A cell in which the following reaction occurs:
\[ \text{Zn}_{(s)} + \text{Cu}^{2+}_{(aq)} \rightarrow \text{Zn}^{2+}_{(aq)} + \text{Cu}_{(s)} \] has standard electrode potential \(E^\circ_{\text{cell}} = 1.1~\text{V}\) at \(298~\text{K}\). Calculate the standard Gibbs energy and the equilibrium constant of the cell reaction.

Hint:

Use \(\Delta G^\circ = -n F E^\circ\) first to find the energy change, then connect to the equilibrium constant via \(\Delta G^\circ = -RT\ln K\). For quick order-of-magnitude checks, convert to base-10 using \(\log_{10}K = \dfrac{n F E^\circ}{2.303\,RT}\).

Answer 1

For a galvanic cell at standard state, \(\Delta G^\circ = -n F E^\circ_{\text{cell}}\) and \(\Delta G^\circ = -RT \ln K\). Hence, \(K = \exp\!\left(\dfrac{n F E^\circ_{\text{cell}}}{RT}\right)\).
Given: \(E^\circ_{\text{cell}} = 1.1~\text{V},~T = 298~\text{K},~F = 96485~\text{C mol}^{-1},~R = 8.314~\text{J mol}^{-1}\text{K}^{-1}\).
Overall reaction involves transfer of \(n = 2\) electrons.
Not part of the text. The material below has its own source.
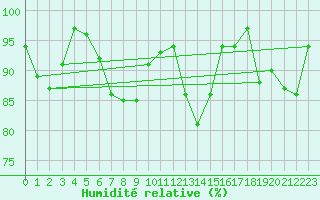 Courbe de l'humidit relative pour Envalira (And)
Step 1: Calculate standard Gibbs energy change.
\[ \Delta G^\circ = -n F E^\circ_{\text{cell}} = -(2)(96485)(1.1)~\text{J mol}^{-1} = -2.12267\times 10^{5}~\text{J mol}^{-1} = \boxed{-2.12\times 10^{5}~\text{J mol}^{-1} \; (= -2.12\times 10^{2}~\text{kJ mol}^{-1})} \]

Step 2: Calculate equilibrium constant.
\[ K = \exp\!\left(\frac{n F E^\circ_{\text{cell}}}{RT}\right) = \exp\!\left(\frac{(2)(96485)(1.1)}{(8.314)(298)}\right) = \exp(85.65) \] \[ $\Rightarrow$ \ \log_{10}K = \frac{85.65}{2.3026} = 37.20 \ $\Rightarrow$ \ \boxed{K \approx 1.6 \times 10^{37}} \] Answer: \(\boxed{\Delta G^\circ \approx -2.12 \times 10^{5}~\text{J mol}^{-1} = -212~\text{kJ mol}^{-1}, K \approx 1.6\times 10^{37}}\).